● WHAT TO WORK ON
Retype, word for word, the line holding "Rugged Coastline Duo Art Print, Set of 2" and every line below it to the end of the listing. Leave out the pictures.

● EXERCISE DATA
= = =

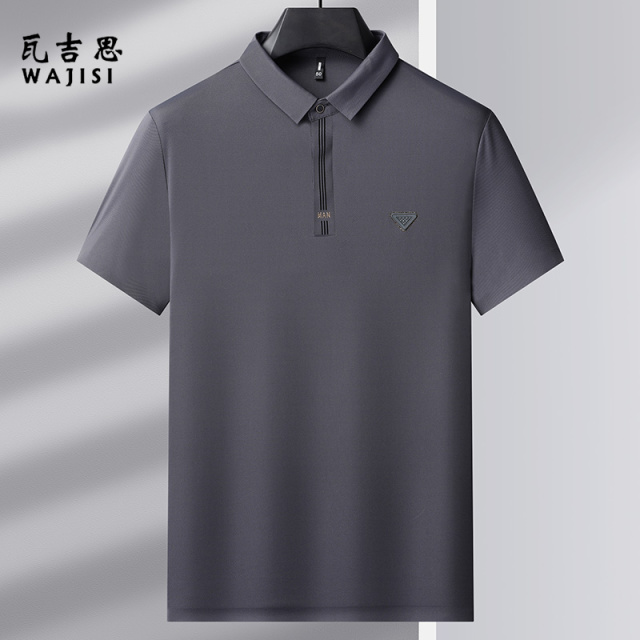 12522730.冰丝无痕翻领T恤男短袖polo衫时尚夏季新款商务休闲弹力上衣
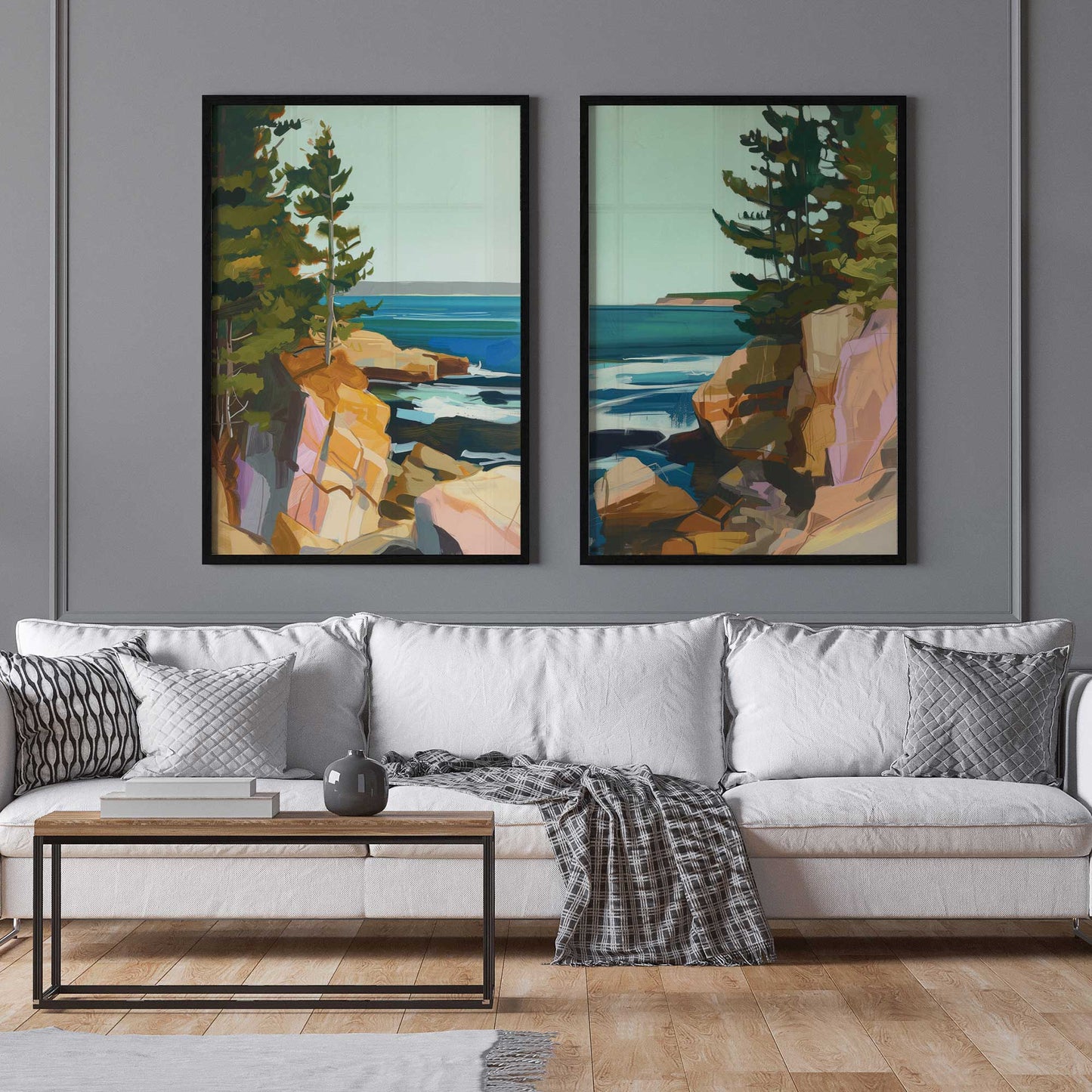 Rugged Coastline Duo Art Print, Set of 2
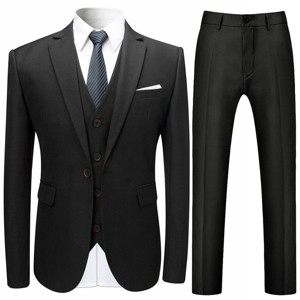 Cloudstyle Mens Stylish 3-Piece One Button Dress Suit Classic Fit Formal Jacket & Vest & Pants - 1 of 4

= = =

● EXERCISE RESULT
 Rugged Coastline Duo Art Print, Set of 2
 Cloudstyle Mens Stylish 3-Piece One Button Dress Suit Classic Fit Formal Jacket & Vest & Pants - 1 of 4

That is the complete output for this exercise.